(Supplied data begins)

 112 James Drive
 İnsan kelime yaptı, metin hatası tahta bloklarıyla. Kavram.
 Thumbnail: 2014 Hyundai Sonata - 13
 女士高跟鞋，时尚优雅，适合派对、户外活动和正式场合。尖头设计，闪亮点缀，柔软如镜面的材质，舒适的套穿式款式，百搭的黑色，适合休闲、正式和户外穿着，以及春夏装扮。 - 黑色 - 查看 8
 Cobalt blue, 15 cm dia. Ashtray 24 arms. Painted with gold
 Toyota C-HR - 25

(Supplied data ends)
(Supplied data begins)

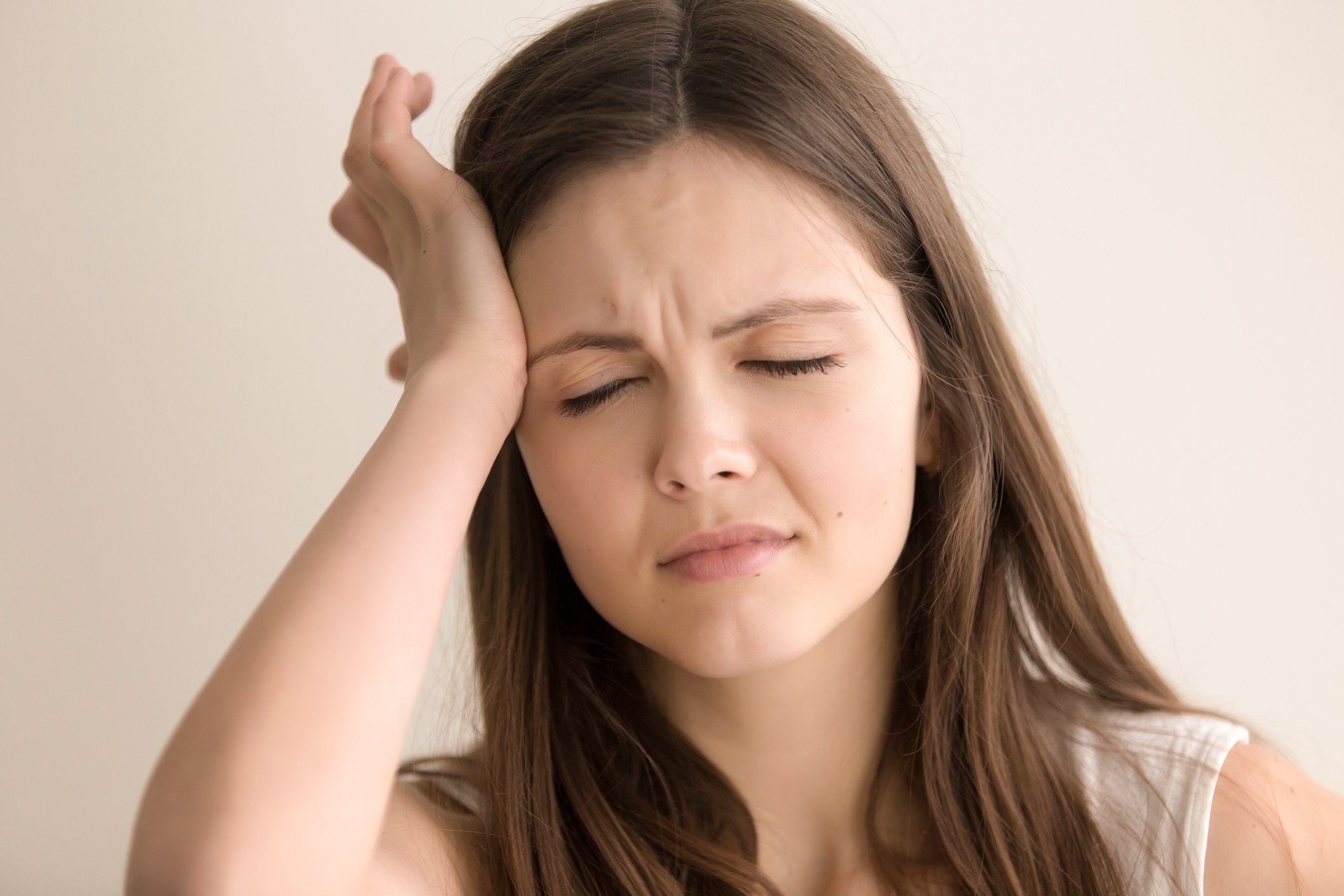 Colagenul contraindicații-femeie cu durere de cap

(Supplied data ends)

Task objective:
The response must hold only the lines above from the line with "Cobalt blue, 15" through the line with "Toyota C-HR - 25", each copied exactly, both ends kept.

Response area:
 Cobalt blue, 15 cm dia. Ashtray 24 arms. Painted with gold
 Toyota C-HR - 25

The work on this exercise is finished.